My colleagues commented above on the Cass Sunstein lecture at the American Enterprise Institute called “Regulatory Look-Back: A First Look,” about agency’s supposed eagerness to comply with President Obama’s January Executive Order on regulatory review. Just moments ago, AEI released a summary of the event via email.

Sunstein is head of OIRA, the Office of Information and Regulatory Affairs, the bureau within OMB that’s tasked to some degree with keeping tabs on Washington’s federal regulations and making sure benefits justify costs.

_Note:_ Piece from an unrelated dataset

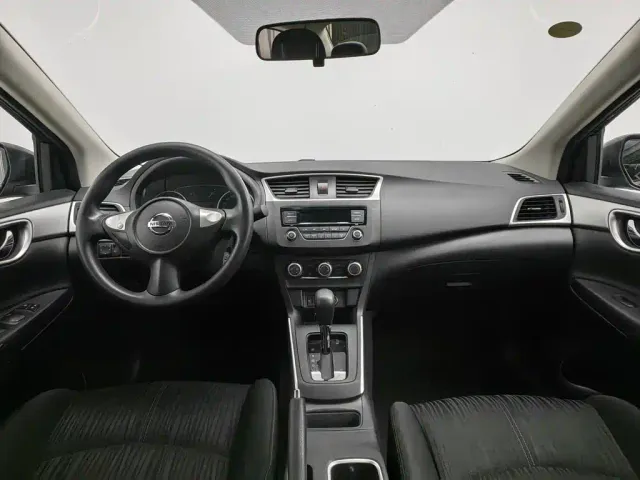 Nissan Sylphy — Фото автомобиля 5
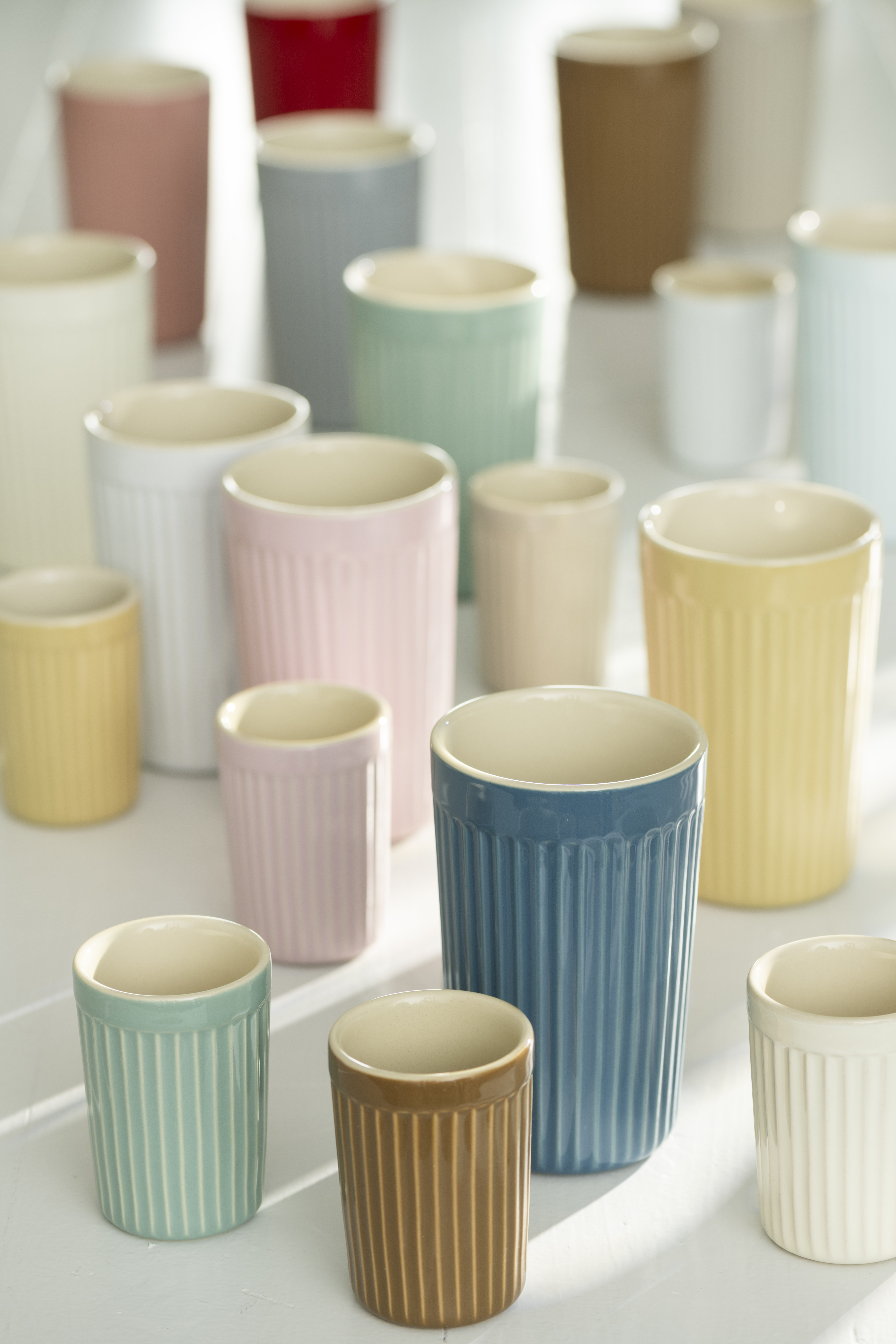 Latte beker Latte | IB Laursen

Something that struck me was Sunstein’s notion, paraphrased by AEI, that “We are no longer forced to evaluate rules in the abstract, using unreliable anecdotes and intuition. Instead, agencies are equipped with state-of-the-art research techniques for evaluating the costs and benefits of regulations.”

For starters, I think it’s a philosophical mistake to accept the white-hat premise that because you call something a regulation that it’s doing good things. Agency rules can undermine actual “regulation” or improvement and escalation of the things we want, like privacy, security, consumer safety, infrastructure roll out, and so forth. I don’t know of any tainted meat that’s not regulated by USDA, you might say.

If “regulation” removes these values from the competitive realm required to advance them, then agencies are undermining the actual regulation that needs to take place. More on this elsewhere and later because it’s a critical element of the regulatory reform debate.

Be that as it may, the “state of the art techniques” for evaluating regulations aren’t quite as apparent to me as they are to Sunstein and others. Apparent instead is a lack of benefit calculations altogether.  Over 3,500 rules are issued annually; In 2010, OMB reviewed 66 of 2009’s rules; of these, only 20 had benefit estimate by my cursory reckoning. (We call for a Regulatory Report Card to make things less cursory, by the way.)

We simply don’t know much about the state of the regulatory state. Rather than state of the art, it’s non-cognitive. The Administration’s efforts here are welcome, but instead of providing any comprehensive assurance, the underlying paucity of actionable information instead points even more insistently to the need for deep reforms like the REINS Act to strip agencies of their tendency to issue costly rules without congressional authority, and a host of other legislative proposals for economic liberalization.

We need to cut spending, better believe it. But now, when we ignore the crushing impact and costs of the regulatory state, we’re missing most of Washington’s impact on the economy. Unfortunately, so do the Administration’s reformers. To take just one example, the recent Dodd-Frank financial legislation is a busted fire hydrant spewing out new agency rules at the CFTC and SEC, with over 3,500 new Federal Register pages so far with thousands more to come.

Walling off tomorrow’s economy from today’s regulatory and budgetary quagmire becomes increasingly urgent. “Benefits” have costs.